Calculating the variance of $x^TA x $

233 Views Asked by At

I checked myself 3 times but I can't seem to find the mistake, would appreciate any input...

Let $x \in \{ \pm 1 \}^{2}$ be a random vector where $\Bbb P (x_1 = 1) = \Bbb P (x_2 = 1) = \frac12$ and let $$A = \begin{pmatrix} a_{11} & a_{12} \\ a_{21} & a_{22} \end{pmatrix}$$ be some matrix. Find $\mbox{Var} \left(x^T A x \right)$.


The correct answer is $2a_{12}^2 + 2a_{21}^2$. Here's my attempt:

$$\Bbb E[x^TAx] = \Bbb E[\begin{pmatrix}x_1 & x_2\end{pmatrix}\begin{pmatrix}a_{11} & a_{12}\\a_{21} & a_{22}\end{pmatrix}\begin{pmatrix}x_1 \\ x_2\end{pmatrix}] = \Bbb E[a_{11}x_1^2+a_{12}x_1x_2+a_{21}x_1x_2+a_{22}x_2^2]$$

From independence of $x_1,x_2 $ we have $E[x_1x_2] = E[x_1]E[x_2] = 0$ so the above simplifies to $a_{11}E[x_1^2]+a_{22}E[x_2^2]$, these expectations are $1$, so overall $E[x^TAx] = a_{11}+a_{22}$

$E[(x^TAx)^2] = E[(a_{11}x_1^2+a_{12}x_1x_2+a_{21}x_1x_2+a_{22}x_2^2)^2]$ which by using independence again and $E[x_i^2] = E[x_i^4] = 1$ is equal to $a_{11}^2+2a_{11}a_{22}+a_{12}^2+2a_{12}a_{21}+a_{21}^2+a_{22}^2$

So the variance should be $Var[x^TAx] = E[(x^TAx)^2] - E[x^TAx]^2 = a_{11}^2+2a_{11}a_{22}+a_{12}^2+2a_{12}a_{21}+a_{21}^2+a_{22}^2 - (a_{11}+a_{22})^2 = (a_{12}+a_{21})^2$

Which is not the result we wanted, as the actual correct answer is $2a_{12}^2 + 2a_{21}^2$

I can't seem to find the mistake.

1

There are 1 best solutions below

0
On

The paper you're reading is all about estimating the trace of a symmetric matrix, and Hutchinson's method (as described in Lemma 2.1 of that paper) is also stated for the case where the matrix $A$ is symmetric, though I admit the paper is not clear about stating this assumption upfront.

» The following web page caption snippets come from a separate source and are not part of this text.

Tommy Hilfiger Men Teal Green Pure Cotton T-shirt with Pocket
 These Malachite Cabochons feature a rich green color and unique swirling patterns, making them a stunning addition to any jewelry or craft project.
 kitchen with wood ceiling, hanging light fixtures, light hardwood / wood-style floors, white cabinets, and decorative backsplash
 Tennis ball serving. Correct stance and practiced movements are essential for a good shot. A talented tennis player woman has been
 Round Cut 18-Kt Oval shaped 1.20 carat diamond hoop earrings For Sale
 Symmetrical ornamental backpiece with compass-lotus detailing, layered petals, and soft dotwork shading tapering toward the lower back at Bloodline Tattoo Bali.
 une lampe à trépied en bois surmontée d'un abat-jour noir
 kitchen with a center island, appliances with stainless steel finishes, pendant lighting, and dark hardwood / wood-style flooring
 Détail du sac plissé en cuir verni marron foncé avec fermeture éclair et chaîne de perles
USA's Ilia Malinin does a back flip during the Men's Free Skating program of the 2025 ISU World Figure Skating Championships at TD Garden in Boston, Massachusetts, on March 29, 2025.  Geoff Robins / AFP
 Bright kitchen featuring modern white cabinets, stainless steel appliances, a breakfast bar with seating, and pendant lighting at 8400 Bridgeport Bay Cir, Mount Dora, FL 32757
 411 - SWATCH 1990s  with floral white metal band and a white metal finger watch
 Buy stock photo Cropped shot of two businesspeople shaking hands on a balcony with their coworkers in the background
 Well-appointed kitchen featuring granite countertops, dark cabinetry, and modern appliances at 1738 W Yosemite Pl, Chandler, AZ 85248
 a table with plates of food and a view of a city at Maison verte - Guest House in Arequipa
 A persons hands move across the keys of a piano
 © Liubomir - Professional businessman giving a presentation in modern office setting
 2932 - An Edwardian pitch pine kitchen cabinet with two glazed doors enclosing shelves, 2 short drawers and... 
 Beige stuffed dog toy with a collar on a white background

In the $2 \times 2$ case, if $a_{12} = a_{21}$, then the expressions $(a_{12} + a_{21})^2$ and $2a_{12}^2 + 2a_{21}^2$ give the same result.

In general, the formula $$\text{Var}[\mathbf z^{\mathsf T}\!A \mathbf z] = 2 \left(\|A\|_F^2 - \sum_{i=1}^n A_{ii}^2\right) = 2\sum_{i \ne j} A_{ij}^2$$ is only valid for symmetric $n \times n$ matrices. The general formula is $$\text{Var}[\mathbf z^{\mathsf T}\!A \mathbf z] = \sum_{i<j} (A_{ij} + A_{ji})^2.$$ To get this expression, replace the matrix $A$ by the symmetric matrix $B = \frac12(A + A^{\mathsf T})$: this should not change the variance, since $\mathbf z^{\mathsf T}\!A \mathbf z = \mathbf z^{\mathsf T} \!B \mathbf z$. Applying the formula for $\text{Var}[\mathbf z^{\mathsf T}\!B \mathbf z]$ gives the expression $$ 2\sum_{i \ne j} B_{ij}^2 = 2 \sum_{i \ne j} \left(\frac{A_{ij} + A_{ji}}{2}\right)^2 = \frac12 \sum_{i\ne j} (A_{ij} + A_{ji})^2 = \sum_{i<j} (A_{ij} + A_{ji})^2. $$ (This is also convincing evidence that the original formula was only intended for symmetric matrices; if it were correct for all matrices, then replacing $A$ by $B$ would not have changed anything.)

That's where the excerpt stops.